PROBLEM TO WORK ON —
Exactly the lines starting at the line containing "金德国德宝水平尺强80AS型水平仪60914防摔加型铝合靠尺防滑盖西" and ending at the line containing "کیف پول مردانه طرح مسی کد 317" are to be written out from the listing below, both included.

AVAILABLE DATA —
--- START ---
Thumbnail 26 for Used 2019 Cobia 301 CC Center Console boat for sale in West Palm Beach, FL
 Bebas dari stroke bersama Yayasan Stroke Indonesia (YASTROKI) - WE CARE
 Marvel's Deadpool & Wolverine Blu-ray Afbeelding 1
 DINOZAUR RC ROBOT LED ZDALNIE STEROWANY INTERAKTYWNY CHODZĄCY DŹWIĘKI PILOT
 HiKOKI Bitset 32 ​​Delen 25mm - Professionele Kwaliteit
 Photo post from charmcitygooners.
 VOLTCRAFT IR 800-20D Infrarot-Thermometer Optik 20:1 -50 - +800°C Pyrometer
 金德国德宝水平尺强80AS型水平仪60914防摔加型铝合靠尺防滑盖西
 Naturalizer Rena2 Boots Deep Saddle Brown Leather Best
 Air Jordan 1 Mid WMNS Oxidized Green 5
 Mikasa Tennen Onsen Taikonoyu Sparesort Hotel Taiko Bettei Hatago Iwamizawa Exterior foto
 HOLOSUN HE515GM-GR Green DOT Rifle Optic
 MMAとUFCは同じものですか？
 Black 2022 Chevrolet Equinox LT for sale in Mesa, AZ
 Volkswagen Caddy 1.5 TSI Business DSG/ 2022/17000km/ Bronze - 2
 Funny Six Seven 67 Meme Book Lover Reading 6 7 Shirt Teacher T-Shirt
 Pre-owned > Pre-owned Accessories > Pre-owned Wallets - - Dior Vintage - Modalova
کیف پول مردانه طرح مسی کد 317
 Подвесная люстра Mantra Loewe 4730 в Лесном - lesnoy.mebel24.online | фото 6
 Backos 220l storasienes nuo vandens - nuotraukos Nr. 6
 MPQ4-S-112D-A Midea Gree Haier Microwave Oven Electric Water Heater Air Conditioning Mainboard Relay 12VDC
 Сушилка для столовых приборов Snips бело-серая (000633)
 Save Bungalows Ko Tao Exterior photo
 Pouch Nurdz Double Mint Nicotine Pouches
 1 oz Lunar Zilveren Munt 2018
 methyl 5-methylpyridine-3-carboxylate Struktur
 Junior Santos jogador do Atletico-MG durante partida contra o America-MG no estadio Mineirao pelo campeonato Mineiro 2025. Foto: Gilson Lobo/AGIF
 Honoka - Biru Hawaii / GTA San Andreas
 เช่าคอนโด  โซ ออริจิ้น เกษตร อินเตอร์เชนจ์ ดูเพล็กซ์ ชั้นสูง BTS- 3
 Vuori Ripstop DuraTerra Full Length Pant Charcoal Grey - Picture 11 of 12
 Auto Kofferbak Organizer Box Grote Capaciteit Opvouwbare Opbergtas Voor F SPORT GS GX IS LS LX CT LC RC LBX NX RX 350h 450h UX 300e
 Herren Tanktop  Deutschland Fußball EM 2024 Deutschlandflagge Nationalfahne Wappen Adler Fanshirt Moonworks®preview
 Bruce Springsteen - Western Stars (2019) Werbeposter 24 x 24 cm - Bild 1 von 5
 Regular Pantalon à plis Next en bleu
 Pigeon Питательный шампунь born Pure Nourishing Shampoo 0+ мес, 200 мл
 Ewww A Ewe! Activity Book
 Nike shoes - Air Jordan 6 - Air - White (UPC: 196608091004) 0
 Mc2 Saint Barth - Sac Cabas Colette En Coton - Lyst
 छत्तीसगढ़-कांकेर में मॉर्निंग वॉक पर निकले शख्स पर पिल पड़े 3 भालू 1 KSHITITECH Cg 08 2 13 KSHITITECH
--- END ---
EXERCISE OUTPUT —
 金德国德宝水平尺强80AS型水平仪60914防摔加型铝合靠尺防滑盖西
 Naturalizer Rena2 Boots Deep Saddle Brown Leather Best
 Air Jordan 1 Mid WMNS Oxidized Green 5
 Mikasa Tennen Onsen Taikonoyu Sparesort Hotel Taiko Bettei Hatago Iwamizawa Exterior foto
 HOLOSUN HE515GM-GR Green DOT Rifle Optic
 MMAとUFCは同じものですか？
 Black 2022 Chevrolet Equinox LT for sale in Mesa, AZ
 Volkswagen Caddy 1.5 TSI Business DSG/ 2022/17000km/ Bronze - 2
 Funny Six Seven 67 Meme Book Lover Reading 6 7 Shirt Teacher T-Shirt
 Pre-owned > Pre-owned Accessories > Pre-owned Wallets - - Dior Vintage - Modalova
کیف پول مردانه طرح مسی کد 317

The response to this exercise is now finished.